Featured Interview With Victor D. López
Tell us a little about yourself. Where were you raised? Where do you live now?
I grew up in Queens, New York from the age of 9 and lived in NYC until my wife and I married, then moved upstate New York. I now split my time between Otsego County upstate New York and Long Island. My wife and I have no pets currently, though we both love dogs. As a child, I had a dog and canaries as pets.
At what age did you realize your fascination with books? When did you start writing?
I’ve loved books even before I learned to read, which I did long before attending school. My mom would read to me and I loved the full-color illustrations in fairytale books, Disney books and even illustrated classics like the Odyssey. I would look at these on my own, making up stories based on the illustrations—especially if I did not like stories that did not end as I would have liked. Even the smell of books always fascinated me. It still does—nothing like a hardcover book right off the presses read late at night and into the wee hours of the morning under warm blankets.
I started writing poems and fiction before middle school. My mom was a wonderful storyteller and fueled my imagination. Some of my earliest memories involve mom reading bedtime stories to me or making up her own. I remember crying at the age of one or two when I did not like the ending of the stories she read to me—Little red Riding Hood comes to mind—so mom would have to change the story so that it ended well. I’ve always been a happily ever after kind of guy. Ironically, that is seldom reflected in my own fiction or poetry. I have cousins on two continents who are psychologists and psychiatrists—some day I should consult them about that.
Who are your favorite authors to read? What is your favorite genre to read. Who Inspires you in your writings?
I have very broad, eclectic tastes in both fiction and non-fiction that include science, law, politics, philosophy, drama, literary fiction, speculative fiction, science fiction, poetry and so much more. My light reading is primarily in the science fiction genre—both hard and soft varieties. There are so many authors that have influenced and inspired me to write that it is hard to mention just a few. In poetry, the English romantic poets are by far my favorites, especially Wordsworth, Blake, Shelley, and Coleridge (and, besides the Romantics, Shakespeare, Milton, and Pope). In speculative fiction, Poe, Koontz, and King, are among my favorites. In fantasy, Zelazny, Norton, Le Guin, McCaffrey, George RR Martin, Frank Herbert, Goodkind, and Brooks. In science fiction Clarke, Asimov, Niven. Pournelle, Anderson, Dick, Heinlein, Barnes, Cherryh, and so many others. In law, primarily William Rehnquist, Benjamin Cardozo and Antonin Scalia. In philosophy primarily Plato and Aristotle and the more than two thousand years of reaction they engendered with their competing philosophies.
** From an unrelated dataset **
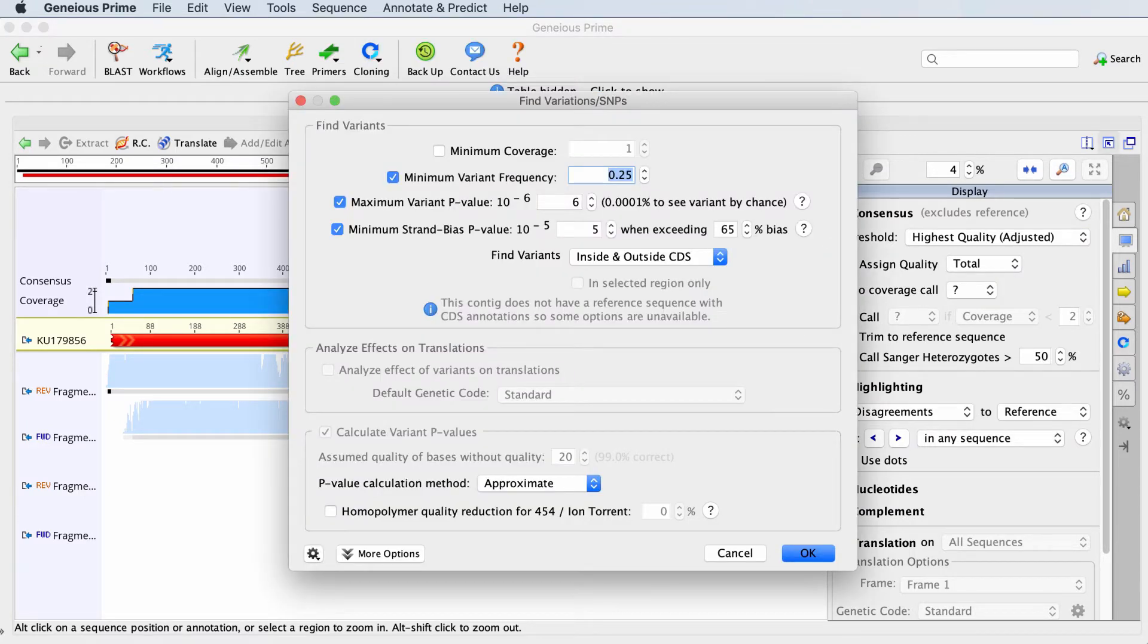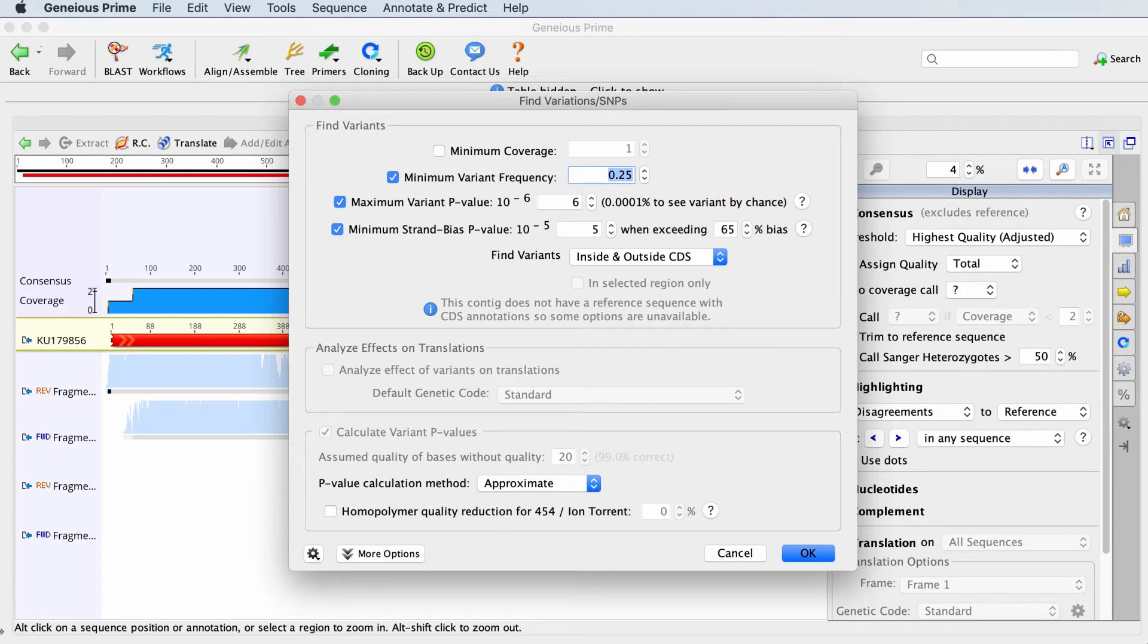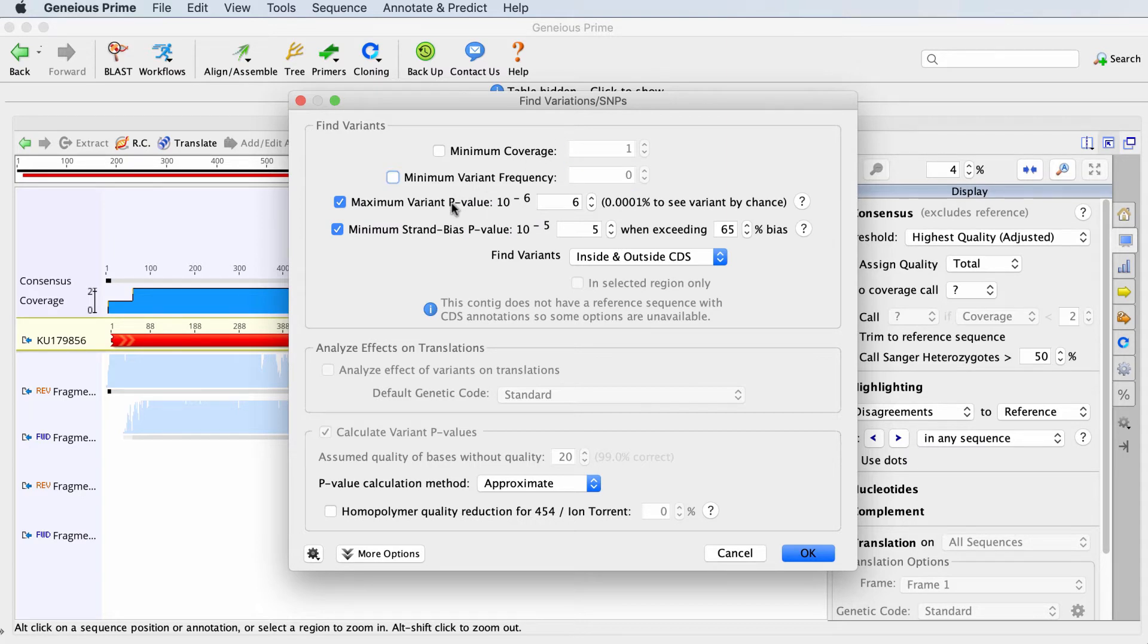The options in the top part of the panel allow you to set the parameters for when snips are called. For chromatogram data, you may be interested in any disagreements, so unselect all four options.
I will never hold a candle to any of my literary heroes—chief among them my mom who with only a few years of primary school education (she began working full time at the age of 11 to help feed her family after her dad died in the aftermath of the Spanish Civil War) was to my inferior talent as the sun is to a candle..
Tell us a little about your latest book?
My latest book is actually my first novel, Hire Lernin’: An Idealist’s Quest Through the Realm of for-Profit Education. It centers on a bright, naïve young lawyer who accepts a position as academic dean of a for-profit business school in New York City in the 1980s knowing next to nothing about the industry. He soon finds that the profit-centered mission of the institution clashes with his personal need to change lives for the better. Undaunted, he launches a mission to change the way things are, ignoring the advice that it is a fool’s journey. What follows is a year of unprecedented success, life-altering failure and critical life lessons learned about his strengths and weaknesses leadership by example, the failings of higher education and love. The book is fiction inspired by my experience early in my academic career and offers a rare look behind the curtain of for-profit education that only a former insider can provide.